Monika: We have been conditioned in “power over” structures, and our behaviours have to be playing it safe, in order to survive in the structures. What sociocracy brings in is a “power with” environment, and “power with” environments can be only maintained when you participate with authentic truth. And to do that, you need to be vulnerable.

Monika: When we talk about individuals and structures, there is this beautiful interaction and dance and synergy. The structure affects the individual and the individual affects the structure. And what we have learned in Governance Alive is that the more we practice sociocracy, and the more we did what we say, practiced what we preached, the more we changed, we transformed, we developed.

John: Structure very much trains you to behave the way is optimal for that structure. And so people find as they operate in a structure that promotes openness and transparency, that they become more that way.

John: We’re not trained that way (sociocratically). In school, we sit in rows, not in circles, and you’re raising your hand to get attention, or trying to avoid attention or whatever. And so just that simple change is a change in structure.

Monika: Consensus is you’re asking people to agree, to say yes. In consent, we are asking people to say that No, I don’t see anything wrong with this proposal. So I’m not looking for your agreement. I’m looking for whether you see anything that doesn’t quite sit well with you. And if you don’t, then we are moving forward.

Monika: An objection improves a proposal. It helps you move forward in the way that the group wants. A personal preference is simply liking one alternative more than the other. And when people present personal preferences as objections, the group often feels held hostage by that one person. And so using objections that are reasoned, and connected to the aim, not only ensures equivalence in the group – that everybody has the same chance to have an input in the process – but it also focuses the group into the direction that they want to go.

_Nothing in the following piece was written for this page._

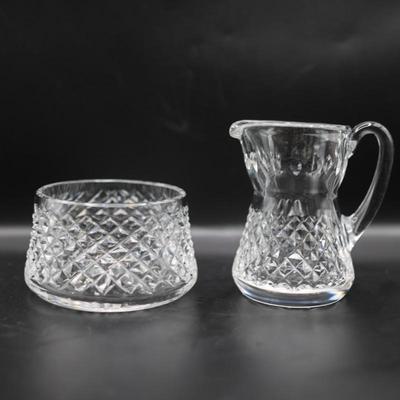 WATERFORD Crystal Creamer and Open Sugar Bowl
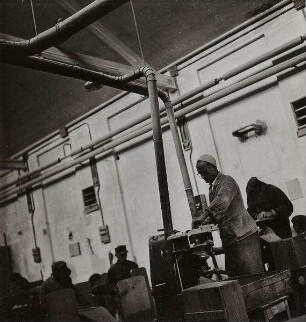 Arbeiter bei der Holzverarbeitung mit Maschinen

John:  If I’m going around saying, does anybody have an objection, and somebody says, no, no objection. I say, okay, that’s an objection. And I go back to that person. And I say, wait a minute, why was your mouth and your body disagreeing with each other? what’s going on? And that, that allows us to connect way down to the base of our brain where there’s this old lizard brain back there that actually has maintained control of decision making, despite all this cerebral cortex stuff.

John: A lot of consent decisions are training people to just check people’s eyeballs. Ask, anybody have a problem with this? And if you see the eyeballs, you’ll know immediately whether they have an objection.

Monika: We use what we call semi-autonomous circles… Each circle has an aim. And within accomplishing that aim, they have full autonomy – on who does the work, how they do the work, when they do the work. As long as what the circle offers to its environment, to its customers, to other areas of the organization is delivered, the team or the circle itself decides how they go about delivering it.

John: The best way to measure whether a circle-building was run well, was that the people feel more energized at the end of it than they did the beginning of it.

Monika: We have linear structures in nature. And we also have circular structures. They each play a role. Where we as humans went wrong with the linear structures is trying to decide the fate of others in linear structures. Linear structures are good for progress, movement forward, getting things done, but not for decision making. That’s why you need to shift into a circle structure to make decisions.

Monika: So in sociocracy, we use both structures, like yin and yang. So coordination is happening not only through the double links in the circle structure, but operationally in the linear structure. And this beautiful kind of dance and shift and knowing in which structure we are, and for what purpose, is the learning curve, the paradigm shift that both individuals and organizations need to go through.

Monika: The interesting place that we are finding ourselves is in transition. And transitions are these liminal spaces where the rules are not clear. Anything can happen. We are still, in many ways anchored and dependent on the old world. At the same time, we are starting to create this new world. So I think social technologies like sociocracy, agile, open space are to me definitely the ways to go.

John: The basis for running a company is no longer the golden rule, ie who has the gold makes the rules. It ends up being consent, which is fairly revolutionary.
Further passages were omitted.